As I understand this article, swap is useful for cases where many long-lived programs (daemons) allocate a lot of memory, but almost never access it. But wouldn't it be better to avoid writing such programs? And how many memory such daemons can consume? A couple of hundred megabytes total? Is it really that much on modern systems?

My experience with swap shows, that it only makes things worse. When I program, my application may sometimes allocate a lot of memory due to some silly bug. In such case the whole system practically stops working - even mouse cursor can't move. If I am happy, OOM killer will eventually kill my buggy program, but after that it's not over - almost all used memory is now in swap and the whole system works snail-slow, presumably because kernel doesn't think it should really unswap previously swapped memory and does this only on demand and only page by page.

I a hypothetical case without swap this case isn't so painful. When main system memory is almost fully consumed, OOM killer kills the most memory hungry program and all other programs just continue working as before.

I think that overall reliance on swap is noways just a legacy of old times when main memory was scarce and back than it maybe was useful to have swap. OS kernels should be redesigned to work without swap, this will make system behavior smoother and kernel code may be simpler (all this swapping code may be removed) and thus faster.

▲

Rohansi 4 days ago | parent | next [-]

> As I understand this article, swap is useful for cases where many long-lived programs (daemons) allocate a lot of memory, but almost never access it. But wouldn't it be better to avoid writing such programs?

Ideally yes, but is that something you keep in mind when you write software? Do you ever consider freeing memory just because it hasn't been used in a while? How do you decide when to free it? This is all handled automatically when you have swap enabled, and at a granularity that is much higher than you can practically manually implement it.

▲

Panzerschrek 4 days ago | parent | next [-]

I write mostly C++ or Rust programs.
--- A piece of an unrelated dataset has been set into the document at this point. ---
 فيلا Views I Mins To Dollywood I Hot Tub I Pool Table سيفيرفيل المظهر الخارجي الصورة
In these languages memory is freed as soon as it's no longer in use (thanks to destructors). So, usually this shouldn't be actively kept in mind. The only exception are cases like caches, but long-running programs should use caching carefully - limit cache size and free cache entries after some amount of time.
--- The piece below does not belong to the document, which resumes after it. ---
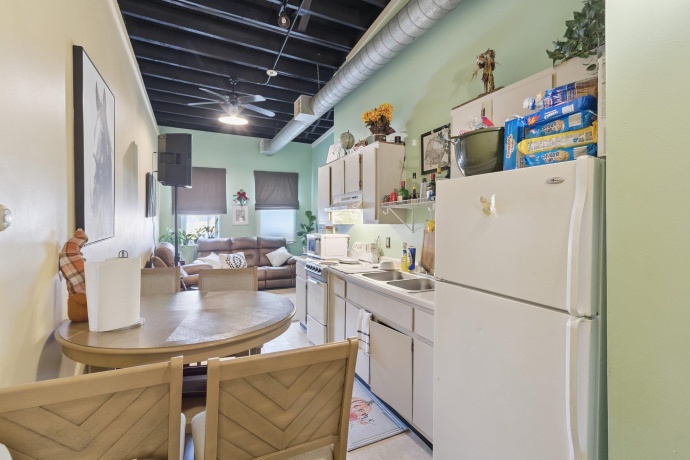 522 State, BELVIDERE, Illinois 61008, ,5+ Units,For Sale,State,202603280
Programs, which allocate large amounts of memory without strict necessity to do so, are just a consequence of swap existence. "Thanks" to swap they weren't properly tested in low-memory conditions and thus no necessary optimization were done.

▲

Rohansi 4 days ago | parent | next [-]

You'll also need to consider that the allocator you're using may not immediately free memory to the system. That memory is free to be used by your application but considered as used memory mapped to your program.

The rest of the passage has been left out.